Pepperdata Project Hosts HDFS on Kubernetes

November 14, 2017November 17, 2017 Mike Vizard analytics, Apache Spark, big data, Hadoop File System, HDFS, HDFS on Kubernetes, kubernetes, open source, Pepperdata

by Mike Vizard

Pepperdata has launched a project aiming to enable the Apache Spark in-memory computing framework for big data analytics applications.

Pepperdata CTO Sean Suchter says the Hadoop File System (HDFS) on Kubernetes open-source project hosted on GitHub seeks to take advantage of a unique opportunity to unify the underlying infrastructure employed to support both big data and traditional applications. One of the primary issues that IT organizations regularly encounter when deploying big data applications is that they require dedicated infrastructure. The HDFS on Kubernetes project eliminates that requirement by making it possible to deploy the Apache Spark on top of any HDFS running Kubernetes to provide a common layer of abstraction across multiple types and classes of IT infrastructure, he explains.

Suchter says this is significant because increasingly organizations need to be able to apply advanced analytics and machine learning algorithms across all the data the organization possesses. Deploying on HDFS makes it possible to consistently manage all the silos where that data resides, regardless of whether they are deployed on-premises or in a cloud that supports, for example, the S3 interface defined by Amazon Web Services (AWS).

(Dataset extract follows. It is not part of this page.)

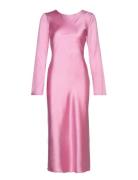 Longsleeve Midi Satin Dress Knälång Klänning Pink Gina Tricot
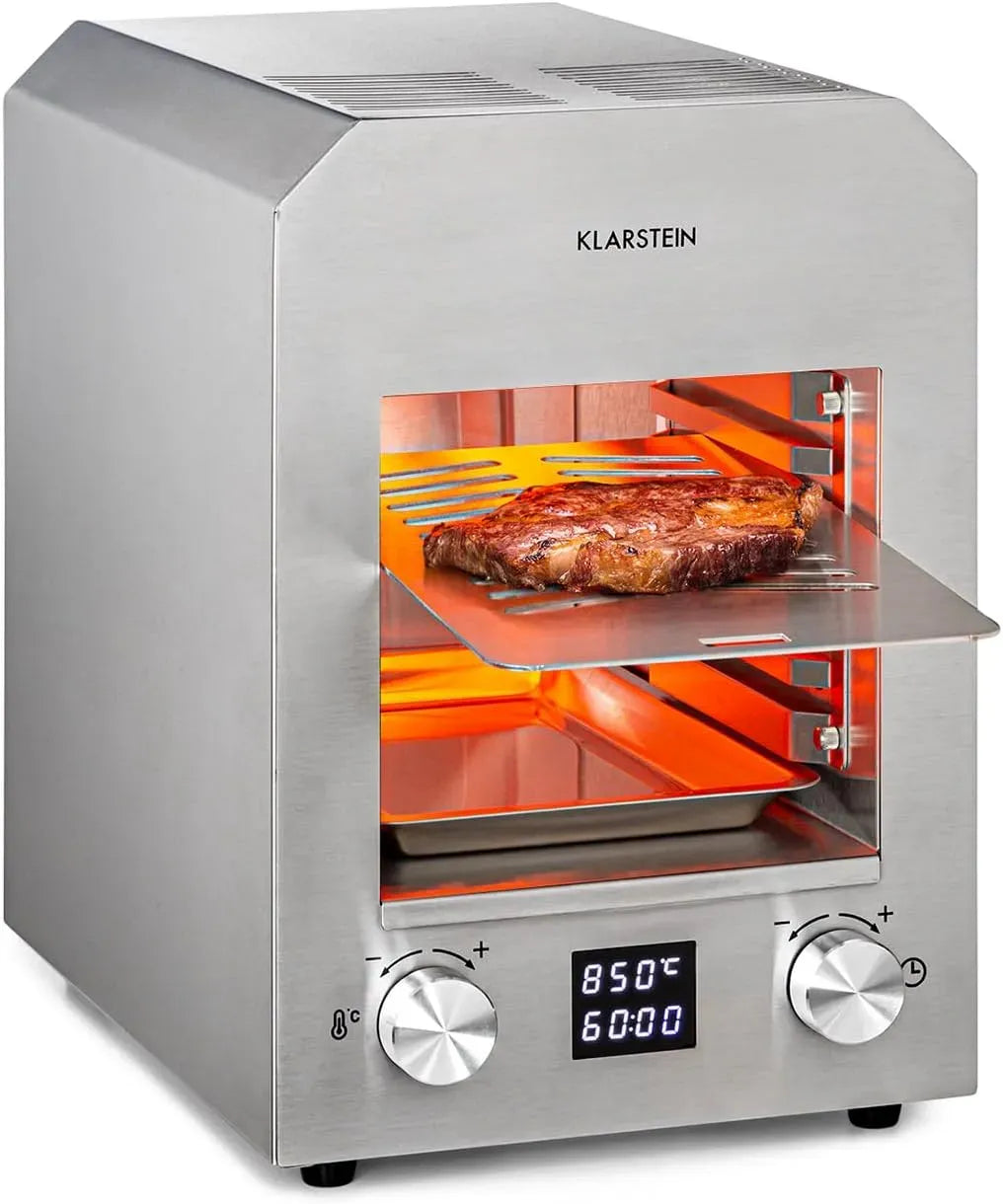 Klarstein Hochtemperaturgrill, Indoor-Grillgerät, 18,5 x 30 cm, 200 bis 850 °C, 2.200 W, Timer, 2 Temperaturzonen, Wärmefunktion, Silber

Applications will be able to access data via HDFS running on top of Kubernetes or another platform. But over time, Kubernetes presents a unique opportunity to rationalize those platforms by essentially replacing the Yet Another Resource Negotiator (YARN) facility that underpins most instances of HDFS and Apache Spark with Kubernetes, Suchter says.

HDFS on Kubernetes also includes a data locality function that makes it faster to access data across distributed instances of HDFS on Kubernetes, as well as support for Kerberos-based authentication to secure both access to the overall environment as well as protect the credentials used to access applications.

It’s still early days as far as the HDFS on Kubernetes project is concerned, so Pepperdata is looking to work only with a few intrepid IT organizations willing to contribute code and test the overall environment, Suchter says. HDFS on Kubernetes is nowhere near being ready to support production applications. But given the level of support being provided to Kubernetes by companies such as Google and Red Hat, Suchter says it’s now only a matter of time before Kubernetes becomes a de facto standard across the enterprise.

It’s unknown how the major vendors in the big data community will respond to the rise of Kubernetes. Many of them have spent years developing proprietary platforms to host HDFS. However, it’s arguable that the underlying infrastructure used to host HDFS doesn’t offer any long-term differentiated value in a world where there is now a common layer of abstraction supported by multiple classes of applications.

Any shift to Kubernetes for big data applications would take several years to play out. But as more IT organizations make it clear they would rather focus their efforts on building and managing applications, there is more pressure to standardize the underlying IT infrastructure environment to dramatically reduce costs across the enterprise.